Ruth Ann was still tied to the bed. She couldn’t escape the words or the bizarre, misplaced hatred that spewed out with them. She took a deep breath. “I’m your daughter, Momma. So what does that make you?”
“I’m at least smart white trash,” Sheila hissed. “And if I could get up outta this bed, I’d slap your face so hard, it’d kiss your own backside.”
“But you can’t.” Ruth Ann said it deliberately, tired of her verbal abuse.
“I’ll be up soon enough, missy, so you’d best watch out. In the meantime, you got only your ownself to blame that the Block-head brought your Annabel here, so’s they could fake some test and call her an idiot. And worse, you got your ownself to blame that he found our Bonnie and brought her here to the butcher. It’s your fault, Ruthie, that she’ll never have no babies.”
The words were worse than a blow; they were a breaker crashing over her.
Ruth Ann lay there on her back, drowning in them. She couldn’t seem to get oxygen under the weight of them, couldn’t move her arms or legs or raise her head above them to gasp for forgiveness. All she could do was writhe in misery and guilt and truth.
“You set her up for it,” Sheila spat. “You walked right into the trap Esquire set and drug her in, too, by her pretty blond braids…”
Ruth Ann t
hought of the day Block had brought Bonnie to the Colony—how petrified she’d been, how she’d clutched Calico Bear and wouldn’t utter a word. How she, Ruth Ann, had never been so glad to see anyone in her life…besides maybe Annabel. How she’d felt so connected to Bonnie, felt such love and sympathy for her, felt safe at last to feel something, anything at all. Because she knew instinctively that her baby sister wouldn’t attack her just for the crime of loving her.
So Ruth Ann had made Bonnie feel safe. She’d betrayed her by doing that.
She wished she could really drown in Sheila’s horrible words. Just go under and breathe them into her lungs until, clawing for the surface, she lost consciousness and they no longer had the power to hurt.
It’s your fault, it’s your fault, it’s your fault, it’s your fault, it’s your fault…
“I shoulda used a coat hanger to get rid of you,” Sheila said.
Coat hanger, coat hanger, coat hanger, coat hanger, coat hanger…
Ruth Ann released her mind into a helium balloon that floated far above their beds in the Distressed unit. There it could bob in the breeze, be bathed in sunshine or starlight, divorce this place and everyone in it.
“Yeah, Momma,” she said. “You should have.”
“I knew you was gonna be trouble. I knew you was gonna bring nothin’ but misery and shame. I knew you warn’t gonna be worth the effort I made to push you out…”

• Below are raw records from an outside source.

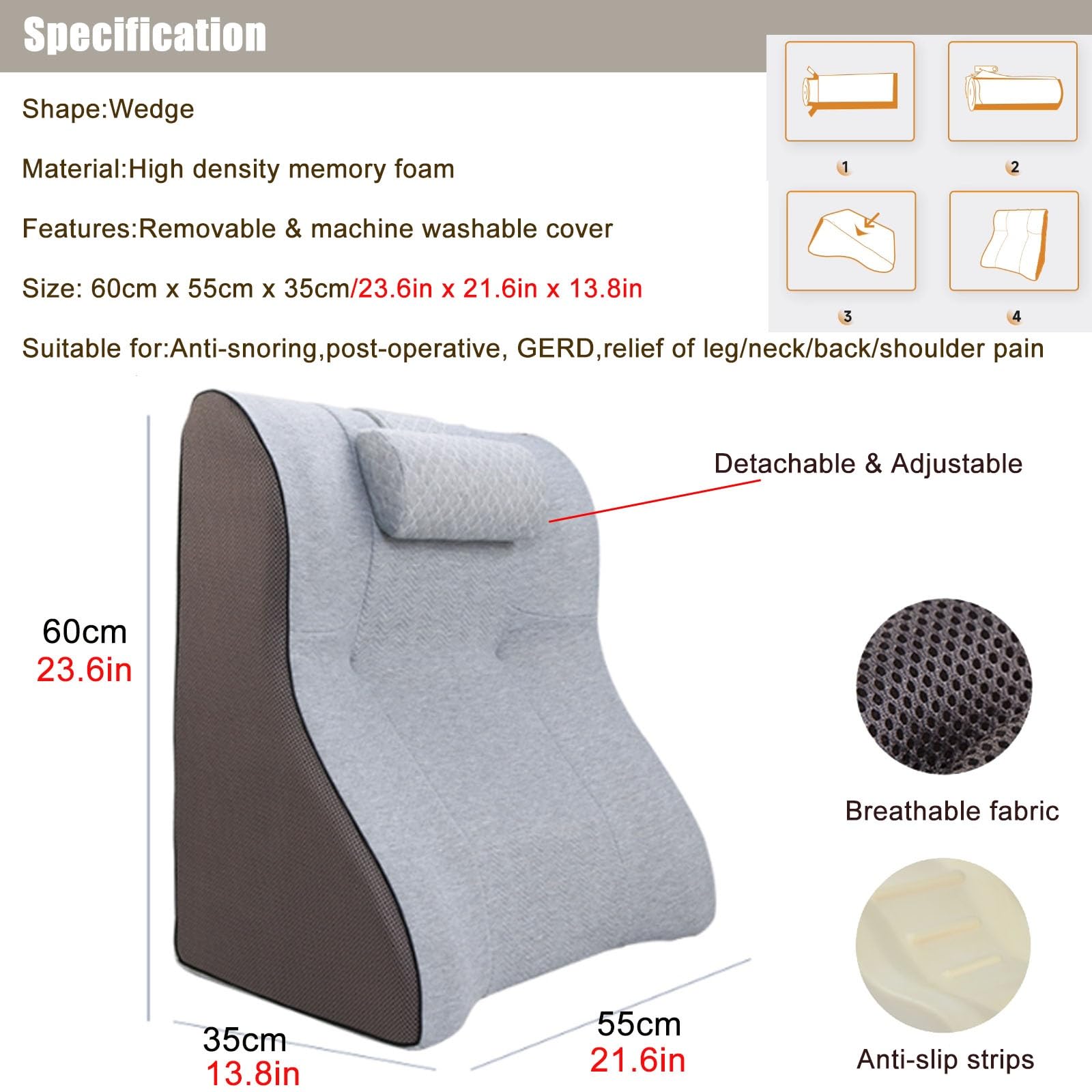 Oreiller De Coin Orthopédique - Pour Reflux, Mal De Dos, Ronflement - Soutien Lombaire Et Cervical - Housse Lavable - 55x40x25 Cm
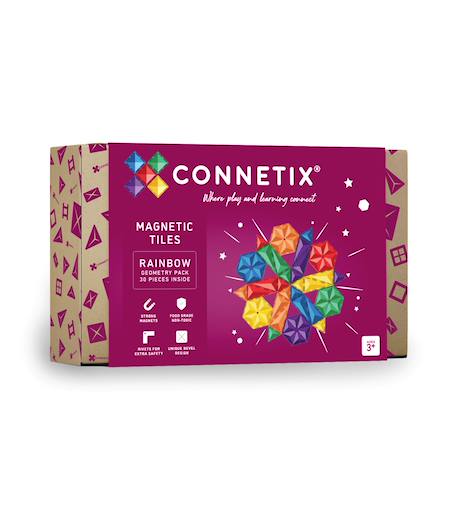 Jeu de construction magnétique arc-en-ciel pack géométrique, 30 pièces Arc-en-ciel 1 - vertbaudet enfant 
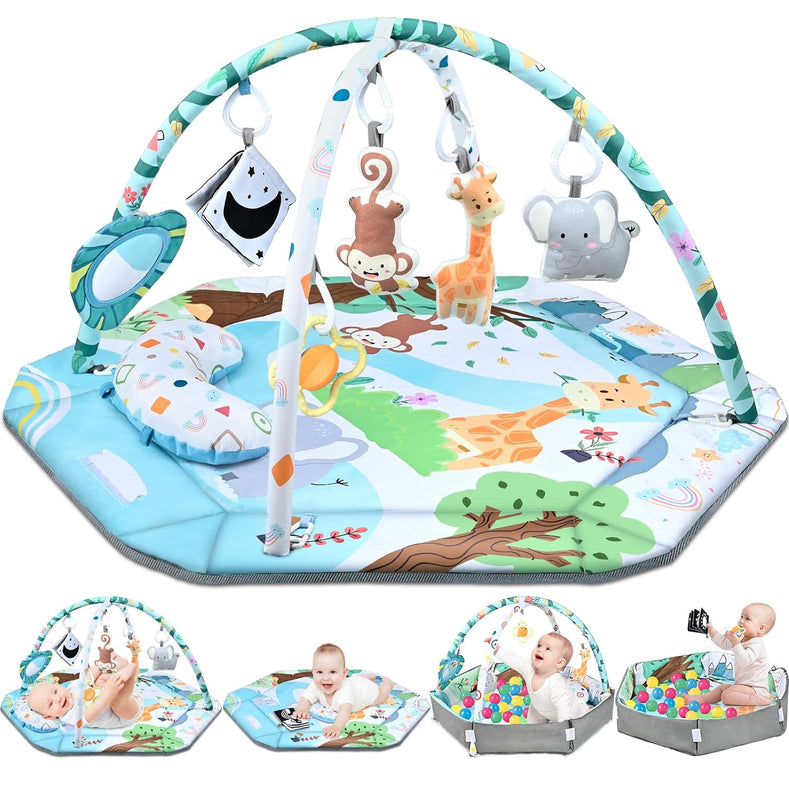 Baby play mat with 6 toys – 8-in-1 design, soft & washable | 0+ months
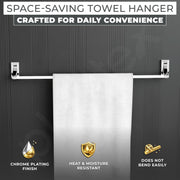Plantex Towel Rod for Bathroom/Pure Brass Towel Hanger/24in Towel Holder/Bathroom Accessories - Pack of 1 (APS-RTO-01, Chrome)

With her mind up in the balloon, Ruth Ann could almost admire her mother’s sheer viciousness. A body had to work hard to conjure up that much venom, especially for her own blood. It was quite somethin’, the force and habit of her hatred.
Ruth Ann clung almost absentmindedly to the memory of them all sitting with Momma in the pale green armchair as a family: Bonnie, Annabel and finally, amazingly, Ruth Ann herself. Had that really occurred—that warmth and connection?
Thirty-One
It was a week later that Mrs. Parsons sent word to Ruby that Ruth Ann was to get cleaned up and come to Tremont House to see Mr. Block.